Die zunehmende Verbreitung der Kryptowährung im Bereich des digitalen Zahlungsverkehrs scheint sich auf die Landschaft der grenzüberschreitenden Überweisungen auszuwirken. Finanzinstitute und andere etablierte Unternehmen kämpfen derzeit mit Blockchain-Startups, um die Kontrolle über eine Branche zu erlangen, die in den nächsten Jahren möglicherweise ein massives Wachstum verzeichnen könnte.

Mit mehr Teilnehmern steigt der Wettbewerb und damit auch die Wichtigkeit der Schaffung einer robustesten Betriebstechnologie. Um dieses Ziel zu erreichen, nutzen einige Akteure ihren Status als Giganten ihres jeweiligen Mainstream-Bereichs, während andere Partnerschaften und Kooperationen anstreben.

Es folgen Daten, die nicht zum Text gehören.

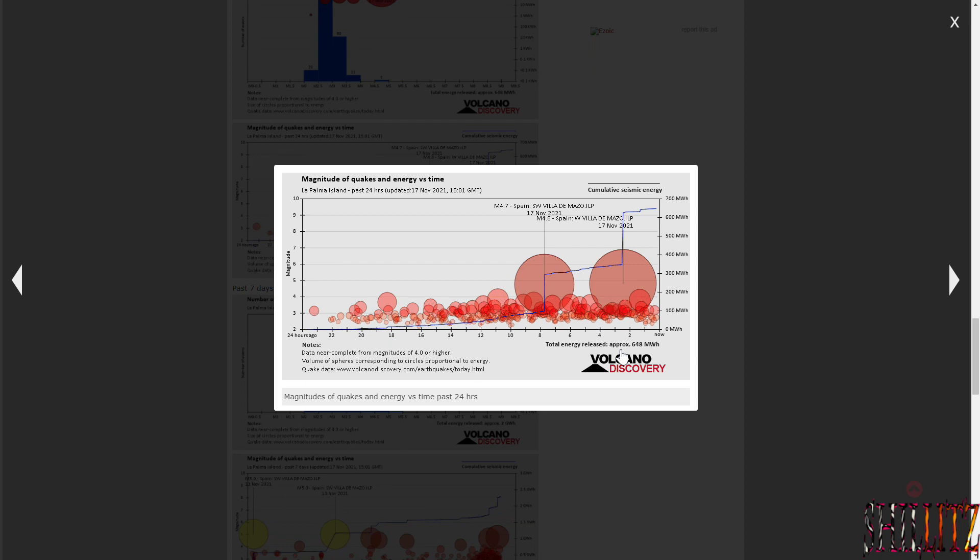So what do you think is going to happen next with the volcano? Do you think things are going to get a bit more active?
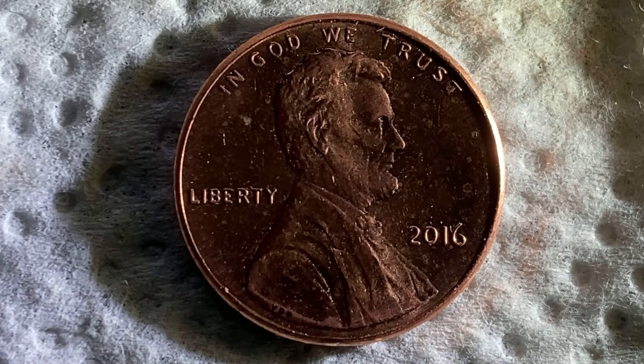The 2016 Lincoln shield cent is a copper plated zinc penny composed of 97.5% zinc and 2.5% copper. The diameter is 19 millimeters and this coin's weight is 2.5 grams. Most 2016 Lincoln pennies are not valuable; however, they can sell for a premium in uncirculated condition.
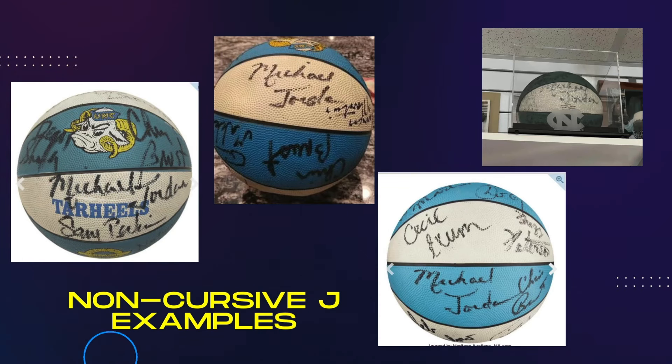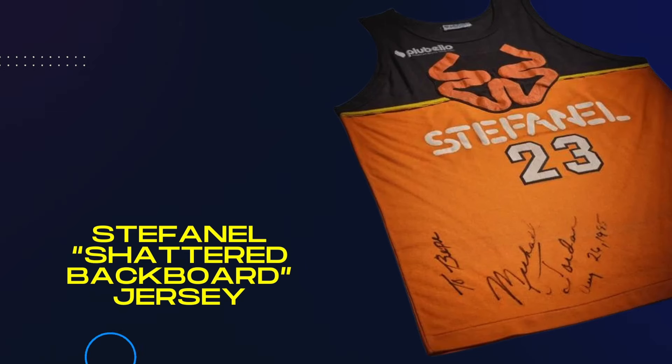Any other item at that time was signed with his normal cursive J. I've only been able to identify 25 or so of these signed basketballs with this signature style — 24 of those have been on basketballs, and then one has been on a jersey.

Für historisch unbankierte und unterbankierte Gebiete der Welt ist die aufstrebende Landschaft etwas, das eine größere finanzielle Inklusion und die damit verbundenen Vorteile bietet. Während diese Unternehmen gegeneinander antreten, können Menschen an Orten, die von der komplexen Finanzmaschine in der Vergangenheit nicht beachtet wurden, möglicherweise in eine Welt globaler Transaktionsunabhängigkeit eintreten, die lange Zeit unerreichbar schien.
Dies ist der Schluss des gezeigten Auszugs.